Introducing Program Storage
DSPy.rb now provides a comprehensive storage system that preserves:
- Optimized program state - Instructions, examples, and configuration
- Performance metrics - Scores, optimization history, and metadata
- Version information - DSPy version, Ruby version, and timestamps
- Search history - Complete audit trail of optimization runs
Basic Program Serialization
Every DSPy module now supports serialization through the from_h
method:
require 'dspy'
# Define a signature
class ProductReview < DSPy::Signature
description "Analyze product reviews for sentiment and key insights"
input do
const :review_text, String
const :product_category, String
end
output do
const :sentiment, String
const :key_points, T::Array[String]
const :recommendation, String
const :confidence, Float
end
end
# Create and optimize a program
original_program = DSPy::Predict.new(ProductReview)

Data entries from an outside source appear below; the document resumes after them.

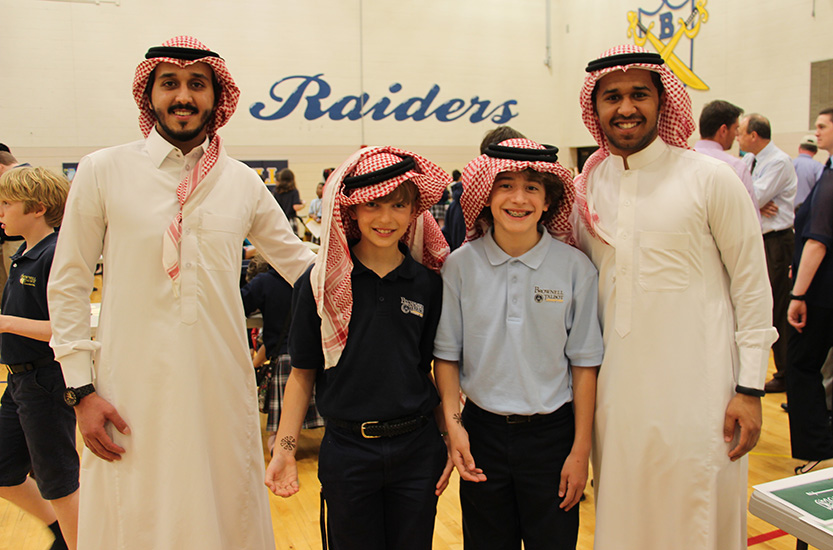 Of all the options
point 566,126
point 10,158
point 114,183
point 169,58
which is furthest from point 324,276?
point 566,126

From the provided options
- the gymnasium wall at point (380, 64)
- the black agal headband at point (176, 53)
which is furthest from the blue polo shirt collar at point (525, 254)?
the gymnasium wall at point (380, 64)

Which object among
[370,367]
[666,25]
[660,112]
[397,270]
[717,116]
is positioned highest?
[666,25]

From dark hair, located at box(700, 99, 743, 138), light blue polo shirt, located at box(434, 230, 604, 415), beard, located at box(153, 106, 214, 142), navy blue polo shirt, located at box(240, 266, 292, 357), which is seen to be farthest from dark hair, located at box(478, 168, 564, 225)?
dark hair, located at box(700, 99, 743, 138)

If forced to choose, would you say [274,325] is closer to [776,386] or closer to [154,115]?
[154,115]

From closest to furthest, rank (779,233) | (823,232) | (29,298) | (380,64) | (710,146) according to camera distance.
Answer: (29,298) → (823,232) → (710,146) → (779,233) → (380,64)

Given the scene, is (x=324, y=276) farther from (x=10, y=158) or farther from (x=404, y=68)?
(x=404, y=68)

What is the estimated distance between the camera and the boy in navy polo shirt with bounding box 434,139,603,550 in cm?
184

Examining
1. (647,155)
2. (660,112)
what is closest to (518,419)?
(647,155)

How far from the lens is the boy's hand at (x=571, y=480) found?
6.02ft

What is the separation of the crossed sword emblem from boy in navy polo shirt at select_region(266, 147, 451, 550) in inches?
394

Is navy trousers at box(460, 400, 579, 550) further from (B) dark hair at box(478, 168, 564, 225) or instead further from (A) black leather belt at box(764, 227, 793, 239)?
(A) black leather belt at box(764, 227, 793, 239)

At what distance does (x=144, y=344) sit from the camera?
1.93m

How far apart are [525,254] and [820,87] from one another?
848cm

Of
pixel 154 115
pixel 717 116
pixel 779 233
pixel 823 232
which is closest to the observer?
pixel 154 115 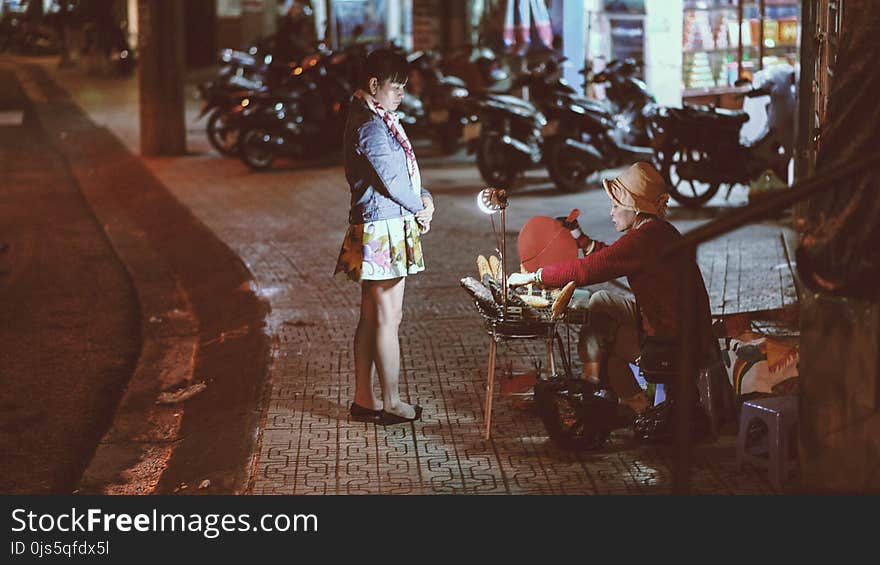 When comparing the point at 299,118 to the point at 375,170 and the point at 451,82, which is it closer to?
the point at 451,82

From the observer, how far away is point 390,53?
20.1ft

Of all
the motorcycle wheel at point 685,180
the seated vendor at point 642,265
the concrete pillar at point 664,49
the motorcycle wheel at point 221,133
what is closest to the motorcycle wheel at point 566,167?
the motorcycle wheel at point 685,180

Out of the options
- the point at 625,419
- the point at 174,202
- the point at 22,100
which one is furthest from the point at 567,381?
the point at 22,100

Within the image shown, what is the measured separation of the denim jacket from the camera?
614 cm

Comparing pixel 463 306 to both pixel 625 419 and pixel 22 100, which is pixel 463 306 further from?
pixel 22 100

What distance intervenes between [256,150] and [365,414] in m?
10.4

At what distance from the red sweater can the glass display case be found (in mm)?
8518

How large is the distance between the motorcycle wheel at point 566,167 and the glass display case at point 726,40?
164 centimetres

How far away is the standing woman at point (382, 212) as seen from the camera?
6141 millimetres

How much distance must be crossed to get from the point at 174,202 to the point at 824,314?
10.5 m

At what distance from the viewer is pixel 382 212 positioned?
6211 mm

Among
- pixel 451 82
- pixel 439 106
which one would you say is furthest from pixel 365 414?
pixel 451 82

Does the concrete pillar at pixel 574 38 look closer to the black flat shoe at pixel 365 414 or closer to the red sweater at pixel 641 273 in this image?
the black flat shoe at pixel 365 414

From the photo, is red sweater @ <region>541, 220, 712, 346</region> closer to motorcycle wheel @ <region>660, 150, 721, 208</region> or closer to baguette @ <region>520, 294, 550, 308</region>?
baguette @ <region>520, 294, 550, 308</region>
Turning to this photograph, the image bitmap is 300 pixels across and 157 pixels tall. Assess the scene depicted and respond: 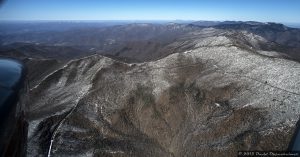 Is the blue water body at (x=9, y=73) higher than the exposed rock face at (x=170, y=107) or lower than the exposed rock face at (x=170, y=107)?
higher

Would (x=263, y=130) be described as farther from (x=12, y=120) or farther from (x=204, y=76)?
(x=12, y=120)

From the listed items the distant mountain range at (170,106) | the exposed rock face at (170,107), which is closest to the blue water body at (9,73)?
the distant mountain range at (170,106)

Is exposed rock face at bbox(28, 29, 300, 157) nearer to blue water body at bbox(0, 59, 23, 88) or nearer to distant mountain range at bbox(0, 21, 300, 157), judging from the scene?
distant mountain range at bbox(0, 21, 300, 157)

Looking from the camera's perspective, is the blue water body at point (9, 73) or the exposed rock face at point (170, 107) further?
the exposed rock face at point (170, 107)

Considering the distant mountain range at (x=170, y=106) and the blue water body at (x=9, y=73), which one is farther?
the distant mountain range at (x=170, y=106)

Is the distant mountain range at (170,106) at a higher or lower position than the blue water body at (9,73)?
lower

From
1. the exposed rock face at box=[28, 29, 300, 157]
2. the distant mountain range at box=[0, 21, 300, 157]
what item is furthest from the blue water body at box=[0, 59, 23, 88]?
the exposed rock face at box=[28, 29, 300, 157]

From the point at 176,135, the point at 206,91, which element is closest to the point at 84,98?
the point at 176,135

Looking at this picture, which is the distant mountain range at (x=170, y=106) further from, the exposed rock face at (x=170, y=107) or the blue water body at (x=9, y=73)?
the blue water body at (x=9, y=73) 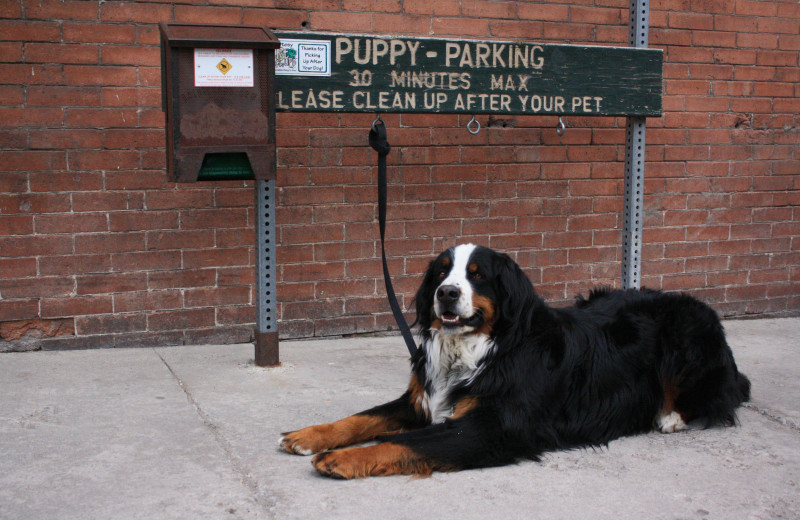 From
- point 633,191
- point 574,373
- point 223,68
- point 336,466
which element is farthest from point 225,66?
point 633,191

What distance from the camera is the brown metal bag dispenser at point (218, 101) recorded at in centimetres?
409

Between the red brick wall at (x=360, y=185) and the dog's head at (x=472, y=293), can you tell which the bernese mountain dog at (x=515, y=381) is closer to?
the dog's head at (x=472, y=293)

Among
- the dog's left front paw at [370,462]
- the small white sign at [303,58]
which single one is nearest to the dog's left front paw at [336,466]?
the dog's left front paw at [370,462]

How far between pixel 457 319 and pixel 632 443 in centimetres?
106

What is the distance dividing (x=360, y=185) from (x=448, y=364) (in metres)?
2.28

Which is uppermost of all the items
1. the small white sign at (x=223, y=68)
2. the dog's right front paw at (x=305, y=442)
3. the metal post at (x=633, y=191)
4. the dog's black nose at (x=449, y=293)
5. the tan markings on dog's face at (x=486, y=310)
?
the small white sign at (x=223, y=68)

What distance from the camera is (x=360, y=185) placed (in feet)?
18.6

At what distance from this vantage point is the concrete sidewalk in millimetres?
3059

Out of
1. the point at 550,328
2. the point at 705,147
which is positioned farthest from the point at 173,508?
the point at 705,147

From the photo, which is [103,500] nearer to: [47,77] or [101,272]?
[101,272]

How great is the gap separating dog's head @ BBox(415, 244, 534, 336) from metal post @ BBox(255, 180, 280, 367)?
50.2 inches

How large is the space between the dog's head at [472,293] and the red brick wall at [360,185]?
207 cm

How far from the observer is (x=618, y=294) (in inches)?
172

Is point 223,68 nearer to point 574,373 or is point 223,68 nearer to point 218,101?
point 218,101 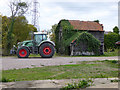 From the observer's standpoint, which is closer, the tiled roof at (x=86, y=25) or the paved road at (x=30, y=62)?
the paved road at (x=30, y=62)

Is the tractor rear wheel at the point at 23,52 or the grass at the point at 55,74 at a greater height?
the tractor rear wheel at the point at 23,52

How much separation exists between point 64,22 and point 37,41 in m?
10.3

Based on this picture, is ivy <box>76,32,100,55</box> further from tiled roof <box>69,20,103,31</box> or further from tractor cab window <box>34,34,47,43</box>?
tractor cab window <box>34,34,47,43</box>

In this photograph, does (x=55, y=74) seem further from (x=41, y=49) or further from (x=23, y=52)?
(x=23, y=52)

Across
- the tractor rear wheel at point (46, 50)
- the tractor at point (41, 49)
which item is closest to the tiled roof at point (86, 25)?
the tractor at point (41, 49)

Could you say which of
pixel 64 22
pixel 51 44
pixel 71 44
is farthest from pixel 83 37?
pixel 51 44

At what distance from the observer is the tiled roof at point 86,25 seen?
2877 cm

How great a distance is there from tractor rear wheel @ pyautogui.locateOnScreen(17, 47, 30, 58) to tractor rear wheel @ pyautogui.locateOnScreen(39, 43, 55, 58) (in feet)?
4.71

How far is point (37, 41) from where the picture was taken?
20.0m

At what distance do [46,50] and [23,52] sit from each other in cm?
239

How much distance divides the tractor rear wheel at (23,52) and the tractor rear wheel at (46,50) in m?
1.43

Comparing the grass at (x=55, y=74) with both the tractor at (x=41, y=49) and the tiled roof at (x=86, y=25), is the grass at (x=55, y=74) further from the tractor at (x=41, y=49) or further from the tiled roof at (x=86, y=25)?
the tiled roof at (x=86, y=25)

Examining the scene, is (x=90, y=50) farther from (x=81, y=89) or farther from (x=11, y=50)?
(x=81, y=89)

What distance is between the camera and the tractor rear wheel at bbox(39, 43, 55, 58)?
736 inches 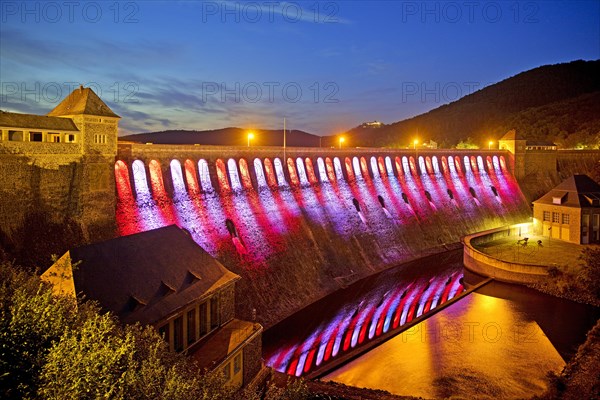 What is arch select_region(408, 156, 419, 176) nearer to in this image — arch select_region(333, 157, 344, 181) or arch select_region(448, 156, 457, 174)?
arch select_region(448, 156, 457, 174)

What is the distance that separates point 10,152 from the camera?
70.4ft

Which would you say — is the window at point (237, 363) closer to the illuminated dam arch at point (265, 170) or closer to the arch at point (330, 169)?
the illuminated dam arch at point (265, 170)

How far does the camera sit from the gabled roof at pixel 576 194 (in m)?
43.3

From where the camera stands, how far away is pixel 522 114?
11512 cm

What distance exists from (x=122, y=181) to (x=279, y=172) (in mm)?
14616

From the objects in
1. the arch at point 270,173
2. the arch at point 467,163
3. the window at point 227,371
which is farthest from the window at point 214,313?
the arch at point 467,163

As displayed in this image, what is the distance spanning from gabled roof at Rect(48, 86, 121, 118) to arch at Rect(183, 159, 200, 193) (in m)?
6.61

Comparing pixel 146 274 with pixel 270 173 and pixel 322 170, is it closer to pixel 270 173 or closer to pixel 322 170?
pixel 270 173

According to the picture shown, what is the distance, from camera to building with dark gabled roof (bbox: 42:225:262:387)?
1587 centimetres

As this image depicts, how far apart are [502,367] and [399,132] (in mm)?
143956

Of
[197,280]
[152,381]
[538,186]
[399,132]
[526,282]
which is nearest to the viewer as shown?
[152,381]

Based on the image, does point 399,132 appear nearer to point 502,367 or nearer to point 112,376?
point 502,367

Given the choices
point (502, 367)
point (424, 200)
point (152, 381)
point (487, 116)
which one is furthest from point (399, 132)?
point (152, 381)

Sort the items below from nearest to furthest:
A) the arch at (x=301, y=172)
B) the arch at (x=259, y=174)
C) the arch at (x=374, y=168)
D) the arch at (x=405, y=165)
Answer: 1. the arch at (x=259, y=174)
2. the arch at (x=301, y=172)
3. the arch at (x=374, y=168)
4. the arch at (x=405, y=165) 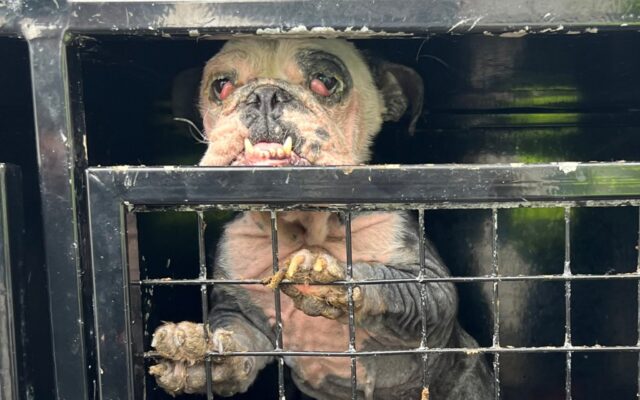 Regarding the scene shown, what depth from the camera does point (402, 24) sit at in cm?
93

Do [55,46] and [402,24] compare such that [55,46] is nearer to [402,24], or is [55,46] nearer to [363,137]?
[402,24]

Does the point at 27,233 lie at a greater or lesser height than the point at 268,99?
lesser

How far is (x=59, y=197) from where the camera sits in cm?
95

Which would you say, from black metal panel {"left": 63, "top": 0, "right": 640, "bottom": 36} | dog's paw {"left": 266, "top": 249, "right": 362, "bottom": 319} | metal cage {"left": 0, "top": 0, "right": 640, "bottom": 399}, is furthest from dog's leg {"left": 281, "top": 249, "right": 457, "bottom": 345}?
black metal panel {"left": 63, "top": 0, "right": 640, "bottom": 36}

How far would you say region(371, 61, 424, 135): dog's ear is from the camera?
5.66 ft

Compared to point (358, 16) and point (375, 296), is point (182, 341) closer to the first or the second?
point (375, 296)

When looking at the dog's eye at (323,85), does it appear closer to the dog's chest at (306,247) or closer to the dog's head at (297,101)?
the dog's head at (297,101)

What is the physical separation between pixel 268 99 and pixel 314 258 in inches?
15.8

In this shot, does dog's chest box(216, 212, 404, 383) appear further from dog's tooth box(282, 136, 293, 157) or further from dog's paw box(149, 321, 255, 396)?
dog's paw box(149, 321, 255, 396)

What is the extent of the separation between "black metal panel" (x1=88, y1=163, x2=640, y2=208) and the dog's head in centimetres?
27

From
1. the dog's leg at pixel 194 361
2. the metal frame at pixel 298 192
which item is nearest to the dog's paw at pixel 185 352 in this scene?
the dog's leg at pixel 194 361

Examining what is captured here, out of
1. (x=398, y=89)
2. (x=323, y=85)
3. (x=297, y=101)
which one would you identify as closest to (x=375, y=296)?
(x=297, y=101)

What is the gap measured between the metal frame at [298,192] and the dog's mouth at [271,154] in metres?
0.27

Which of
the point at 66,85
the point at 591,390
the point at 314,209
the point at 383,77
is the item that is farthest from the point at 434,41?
the point at 591,390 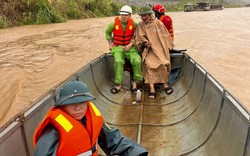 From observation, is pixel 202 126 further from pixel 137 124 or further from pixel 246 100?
pixel 246 100

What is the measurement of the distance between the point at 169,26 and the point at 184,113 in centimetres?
204

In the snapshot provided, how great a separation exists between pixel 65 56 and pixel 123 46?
6.70m

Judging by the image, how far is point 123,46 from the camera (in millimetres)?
5246

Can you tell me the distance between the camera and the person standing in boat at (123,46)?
4.99m

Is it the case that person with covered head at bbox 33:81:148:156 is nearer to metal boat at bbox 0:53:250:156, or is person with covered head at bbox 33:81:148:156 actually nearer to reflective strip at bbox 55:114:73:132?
reflective strip at bbox 55:114:73:132

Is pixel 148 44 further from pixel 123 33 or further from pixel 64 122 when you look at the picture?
pixel 64 122

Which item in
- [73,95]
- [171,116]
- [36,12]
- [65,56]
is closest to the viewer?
[73,95]

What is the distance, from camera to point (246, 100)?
700 centimetres

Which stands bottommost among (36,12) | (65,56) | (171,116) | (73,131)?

.with_instruction("Focus on specific product features and user experience")
.with_examples([
DSPy::FewShotExample.new(
input: {
review_text: "This laptop is incredibly fast and the battery lasts all day!",
product_category: "Electronics"
},
output: {
sentiment: "positive",
key_points: ["fast performance", "excellent battery life"],
recommendation: "recommended",
confidence: 0.95
}
)
])
# Serialize the program
program_data = {
class_name: original_program.class.name,
state: {
signature_class: ProductReview.name,
instruction: original_program.prompt.instruction,
few_shot_examples: original_program.few_shot_examples
}
}
# Save to JSON file
File.write('product_review_program.json', JSON.pretty_generate(program_data))
# Later, deserialize the program
loaded_data = JSON.parse(File.read('product_review_program.json'), symbolize_names: true)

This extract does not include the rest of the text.